Labour: UK at risk of 1980s-level of unemployment without new government help

People walk near the Job Centre in Westminster. Photo: Jack Taylor/Getty Images
People walk near the Job Centre in Westminster. Photo: Jack Taylor/Getty Images

Britain’s opposition party Labour has warned that joblessness in the UK could be as bad as it was in the 1980s unless the government does more to assist businesses that have been battling the economic fallout of the coronavirus pandemic.

There are already 2.8 million people unemployed in the UK and this figure could go up by another million unless the government steps in, according to analysis by the House of Commons Library reported by The Guardian.
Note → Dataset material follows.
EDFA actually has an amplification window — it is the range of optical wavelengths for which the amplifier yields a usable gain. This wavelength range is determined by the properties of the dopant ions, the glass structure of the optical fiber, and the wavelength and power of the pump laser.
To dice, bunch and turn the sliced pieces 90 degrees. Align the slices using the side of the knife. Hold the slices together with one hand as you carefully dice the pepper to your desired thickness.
In 1984, unemployment in the UK peaked at 3.3 million.

Prime minister Boris Johnson is expected to use a speech next week to announce the creation of a taskforce charged with fast-tracking the building of schools, hospitals, roads, and even prisons.

However, Labour has said priority must be businesses that still don’t know when they will open, such as casinos, indoor gyms, bowling alleys, and nail bars.
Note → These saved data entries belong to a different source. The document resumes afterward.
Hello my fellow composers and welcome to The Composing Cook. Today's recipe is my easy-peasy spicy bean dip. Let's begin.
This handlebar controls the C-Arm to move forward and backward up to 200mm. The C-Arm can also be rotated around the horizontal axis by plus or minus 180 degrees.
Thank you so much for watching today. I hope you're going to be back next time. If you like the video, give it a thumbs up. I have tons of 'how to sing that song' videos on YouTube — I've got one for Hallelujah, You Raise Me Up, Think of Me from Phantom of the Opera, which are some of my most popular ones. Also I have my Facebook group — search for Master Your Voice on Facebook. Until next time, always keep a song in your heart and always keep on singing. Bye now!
READ MORE: UK unemployment rose just as COVID-19 hit

Jonathan Reynolds, Labour’s shadow work and pensions secretary, told Sky News: “We need a jobs budget — the focus should be jobs, jobs, jobs and jobs again.

The government should guarantee jobs to those out of work for a “significant period of time,” emulating the Future Jobs Fund which was created after the 2008 global crash, said Reynolds.

He also said Labour is calling for the Chancellor to be more flexible with the furlough scheme and continue to provide financial support to certain sectors.

Under current plans, employers will be required from August to make contributions to the furlough scheme but Labour wants sectors that cannot open to be exempt from this until they are fully up and running.

Shadow business secretary Ed Miliband told the Observer: “The scale of the economic emergency facing us is enormous. But the government is pulling the rug from under businesses employing one million people by demanding they start bearing the cost of the furlough when they don’t even know when they can reopen.

READ MORE: UK employers have slashed 600,000 staff since March

“The government’s approach will put jobs, businesses and livelihoods at risk, which will impose costs on us all. Failing to act to protect jobs now will only add to the burdens we face in higher benefit payments, lost tax revenues and a smaller economy.”

The Treasury has said it is already funding more than 8 million workers, at an estimated cost of a £14bn ($17.2bn) a month.

Recently, left-leaning Institute for Public Policy Research (IPPR) said that more than one million people will be “plunged into poverty” by the coronavirus crisis by the end of the year as cuts to jobs, pay and hours deepen.

New analysis suggests the number of people struggling below the breadline will be 7% higher by 2021 than if the pandemic had not hit the UK.